The cursor mode defines the scrolling type and the operation mode of a cursor. Internally the respective parameters of the Cursor class are identified by binary flags. The public interface uses a string representation, given by the space separated names of the scrolling type and the the operation mode. Supported scrolling types are:

forward-only:The default scrolling type of cursors is called a forward-only cursor and can move only forward through the result set. A forward-only cursor does not support scrolling but only fetching rows from the start to the end of the result set.
scrollable:A scrollable cursor is commonly used in screen-based interactive applications, like spreadsheets, in which users are allowed to scroll back and forth through the result set. However, applications should use scrollable cursors only when forward-only cursors will not do the job, as scrollable cursors are generally more expensive, than forward-only cursors.
random:Random cursors move randomly through the result set. In difference to a randomly sorted cursor, the rows are not unique and the number of fetched rows is not limited to the size of the result set. If the method fetch() is called with a zero value for size, a CursorModeError is raised.

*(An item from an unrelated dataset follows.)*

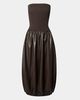 WeWoreWhat WeWoreWhat Ribbed Leather Bubble Midi Dress in Vintage Espresso, Women's at Urban Outfitters - 2
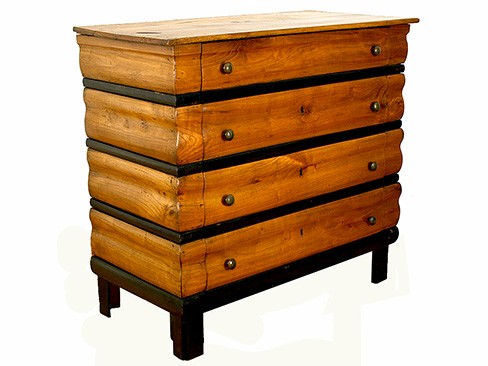 Pinewood and Ebonized 4-Drawer "Fisarmonica" Commode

Supported operation modes are:

dynamic:A dynamic cursor is built on-the-fly and therefore comprises any changes made to the rows in the result set during it’s traversal, including new appended rows and the order of it’s traversal. This behavior is regardless of whether the changes occur from inside the cursor or by other users from outside the cursor. Dynamic cursors are thread-safe but do not support counting filtered rows or sorting rows.
indexed:Indexed cursors (aka Keyset-driven cursors) are built on-the-fly with respect to an initial copy of the table index and therefore comprise changes made to the rows in the result set during it’s traversal, but not new appended rows nor changes within their order. Keyset driven cursors are thread-safe but do not support sorting rows or counting filtered rows.
static:Static cursors are buffered and built during it’s creation time and therefore always display the result set as it was when the cursor was first opened. Static cursors are not thread-safe but support counting the rows with respect to a given filter and sorting the rows.
Aggregation Function
Aggregation Functions are callable objects, that transform sequences of objects of a given domain into a single value. Examples include len(), sum(), min() or max(), but depending on the domain, many out-of-the-box aggregators are shipped with the standard library package statistics or with third party packages like numpy.